- _Problem requirements_:
No pictures go into the copy. Write out exactly the lines below from the one containing "2018-2020 Nissan Rogue" through the one containing "NNA Ridge Way Sandpoint ID 83864".

- _Stored data_:
==*==
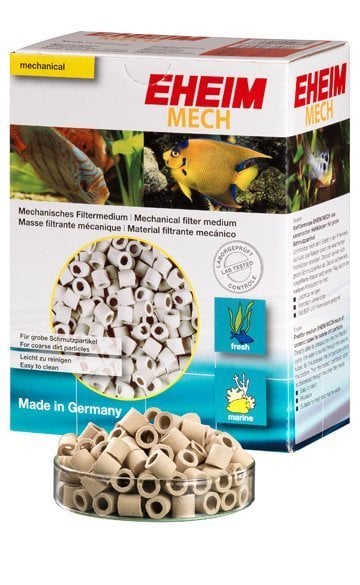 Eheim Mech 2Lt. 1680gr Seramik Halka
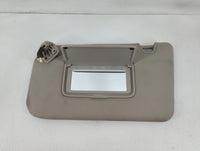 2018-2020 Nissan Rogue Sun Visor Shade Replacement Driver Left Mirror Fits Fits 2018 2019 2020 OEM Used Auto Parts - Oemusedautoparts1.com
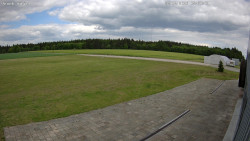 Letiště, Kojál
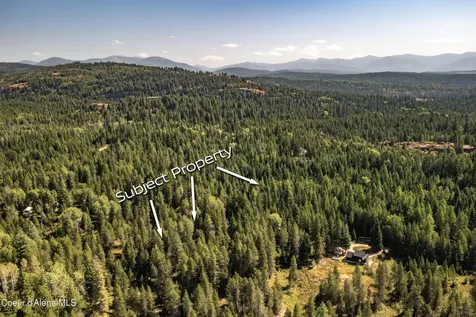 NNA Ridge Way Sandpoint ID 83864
==*==
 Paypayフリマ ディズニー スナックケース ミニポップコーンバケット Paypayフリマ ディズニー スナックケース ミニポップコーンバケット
==*==
- _Solution_:
 2018-2020 Nissan Rogue Sun Visor Shade Replacement Driver Left Mirror Fits Fits 2018 2019 2020 OEM Used Auto Parts - Oemusedautoparts1.com
 Letiště, Kojál
 NNA Ridge Way Sandpoint ID 83864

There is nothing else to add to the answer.